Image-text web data

^^^^

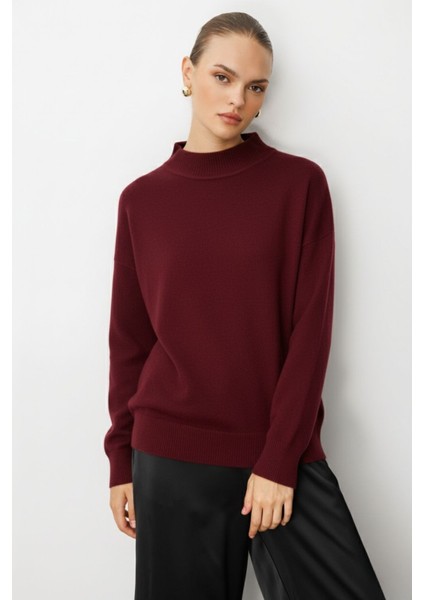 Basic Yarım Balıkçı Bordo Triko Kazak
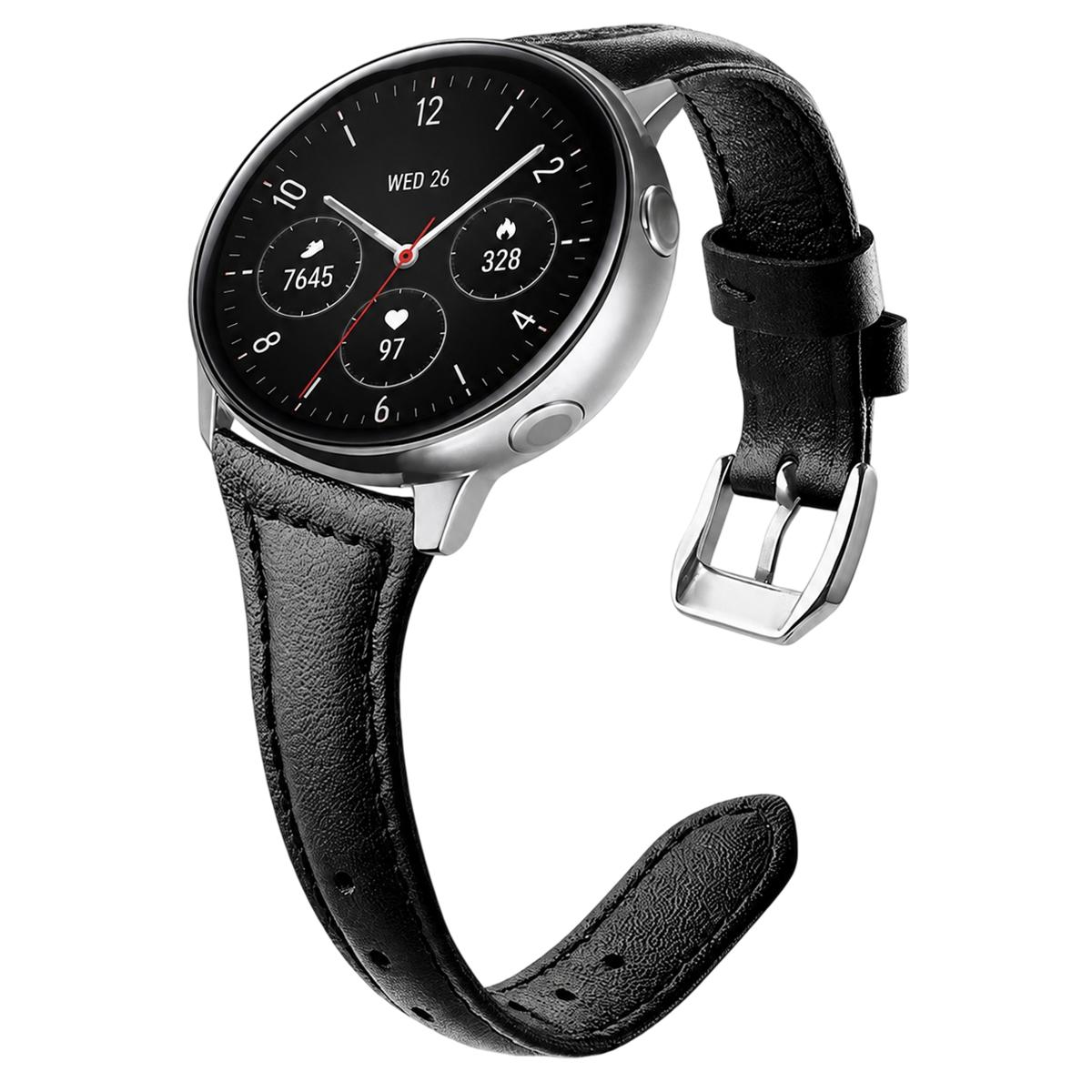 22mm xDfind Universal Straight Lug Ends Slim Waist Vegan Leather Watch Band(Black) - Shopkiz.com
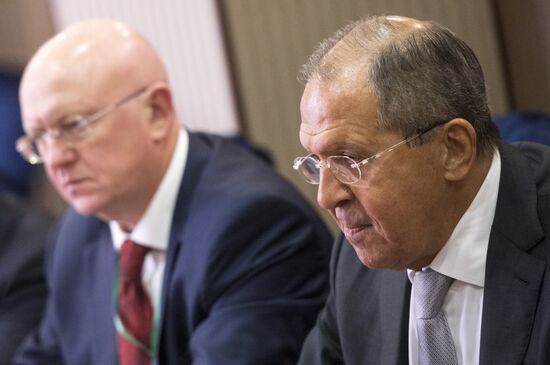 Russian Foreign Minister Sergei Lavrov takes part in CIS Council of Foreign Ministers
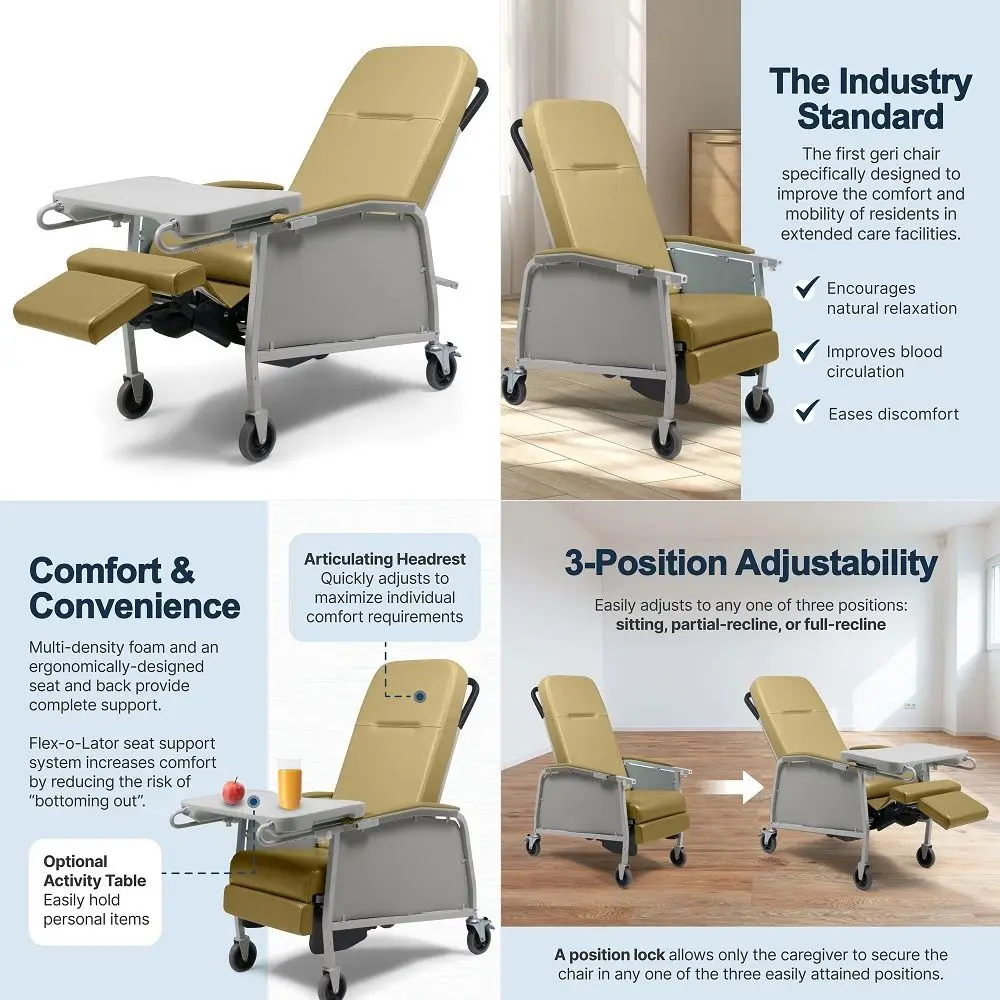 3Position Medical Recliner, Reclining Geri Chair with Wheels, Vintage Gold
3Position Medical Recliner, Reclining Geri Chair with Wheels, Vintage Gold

^^^^

• Description of the task:
Every line above should be copied exactly; do not carry over the pictures.

• Your response:
 Basic Yarım Balıkçı Bordo Triko Kazak
 22mm xDfind Universal Straight Lug Ends Slim Waist Vegan Leather Watch Band(Black) - Shopkiz.com
 Russian Foreign Minister Sergei Lavrov takes part in CIS Council of Foreign Ministers
 3Position Medical Recliner, Reclining Geri Chair with Wheels, Vintage Gold
3Position Medical Recliner, Reclining Geri Chair with Wheels, Vintage Gold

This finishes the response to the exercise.